* Available data *
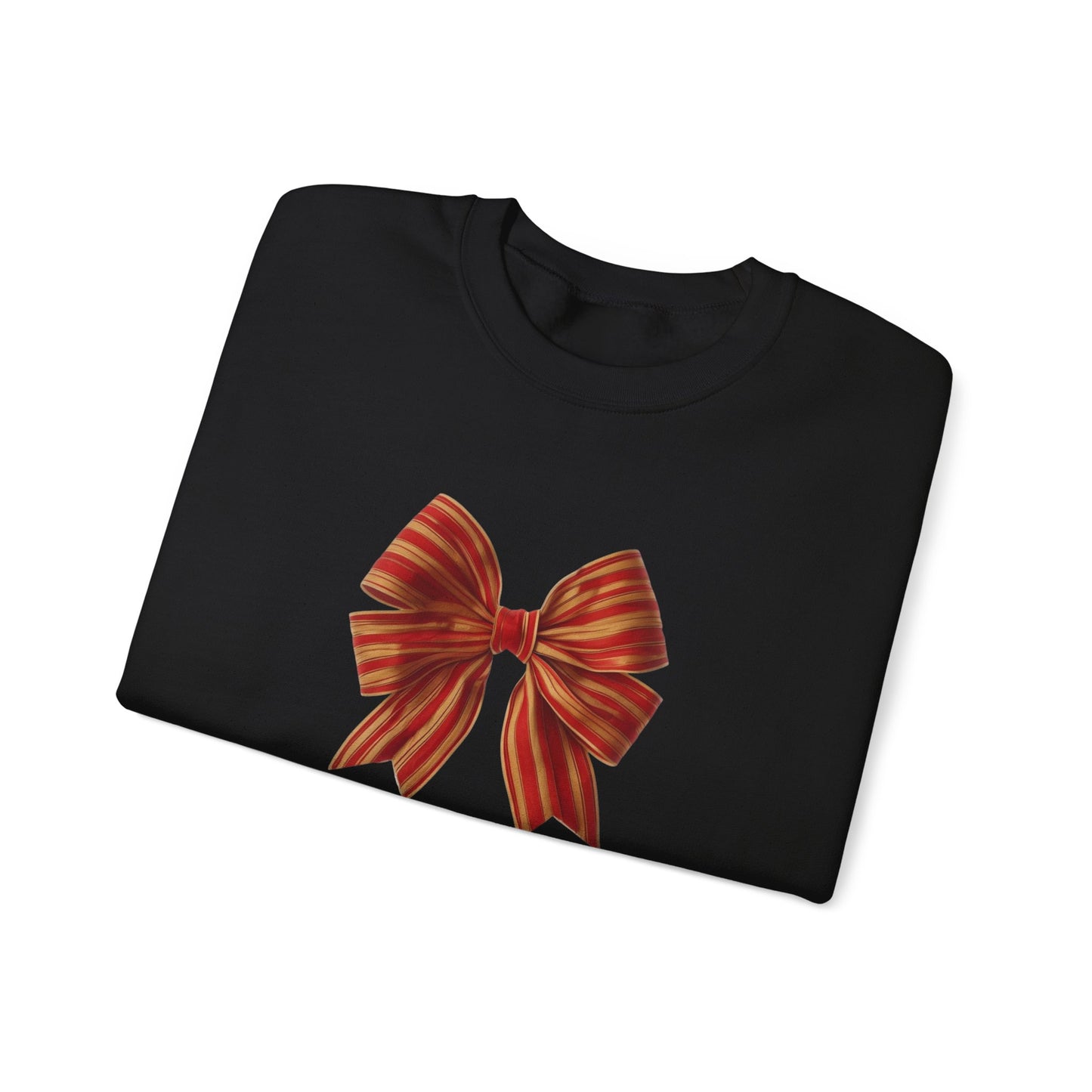 Red and Gold Bow Unisex Heavy Blend™ Crewneck Sweatshirt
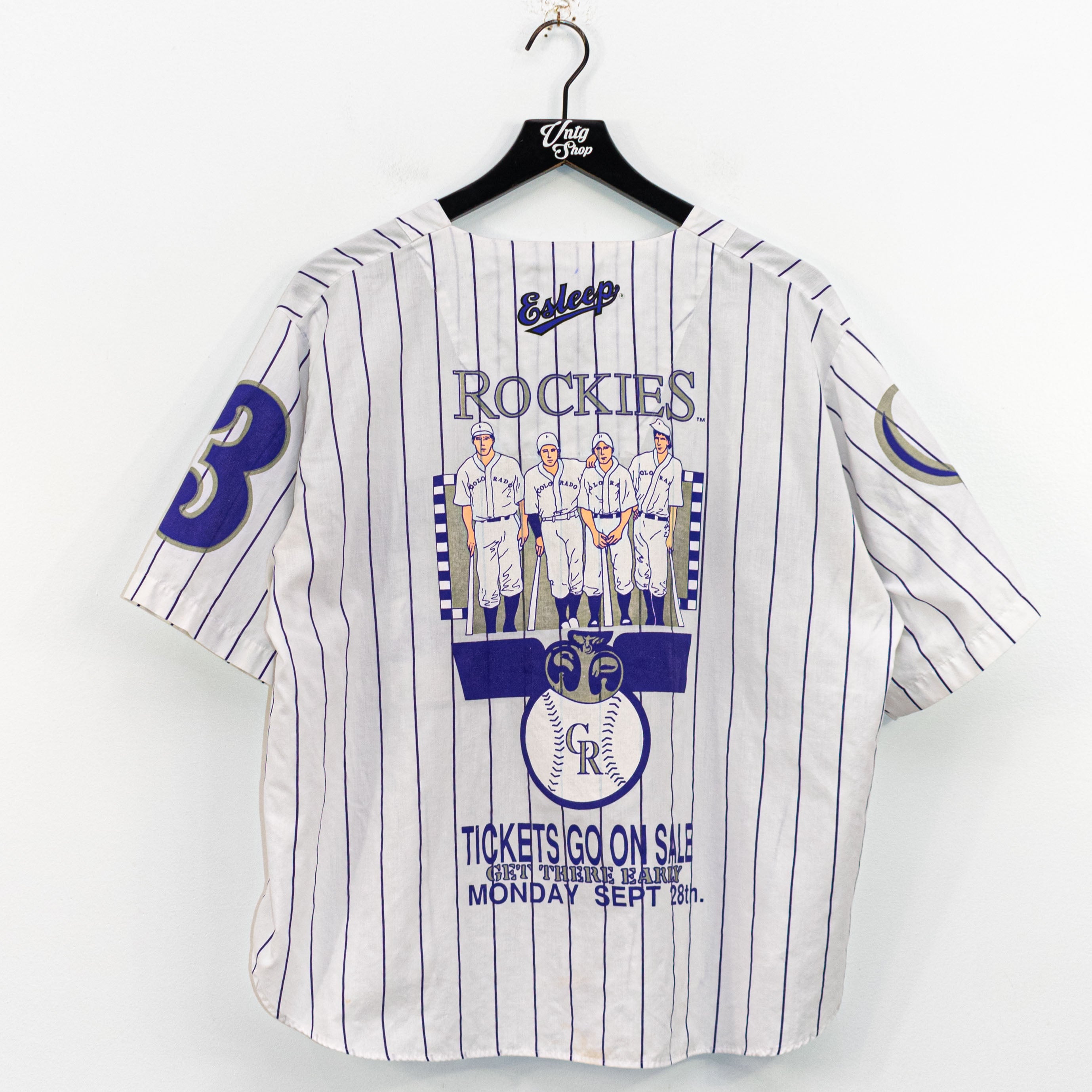 Esleep Colorado Rockies Sleep Jersey– VNTG Shop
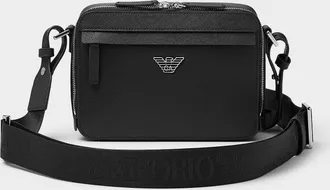 Emporio Armani Mens Metal eagle small shoulder bag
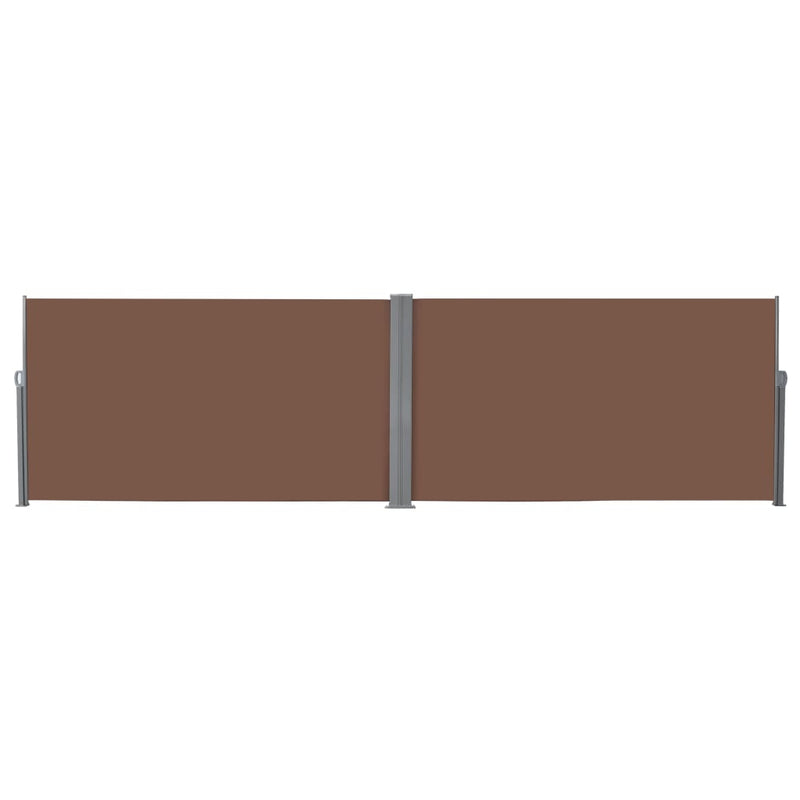 Retractable Side Awning 160x600 cm Brown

* Exercise instructions *
Transcribe the data exactly and leave no picture in the copy.

* Solved exercise *
 Red and Gold Bow Unisex Heavy Blend™ Crewneck Sweatshirt
 Esleep Colorado Rockies Sleep Jersey– VNTG Shop
 Emporio Armani Mens Metal eagle small shoulder bag
 Retractable Side Awning 160x600 cm Brown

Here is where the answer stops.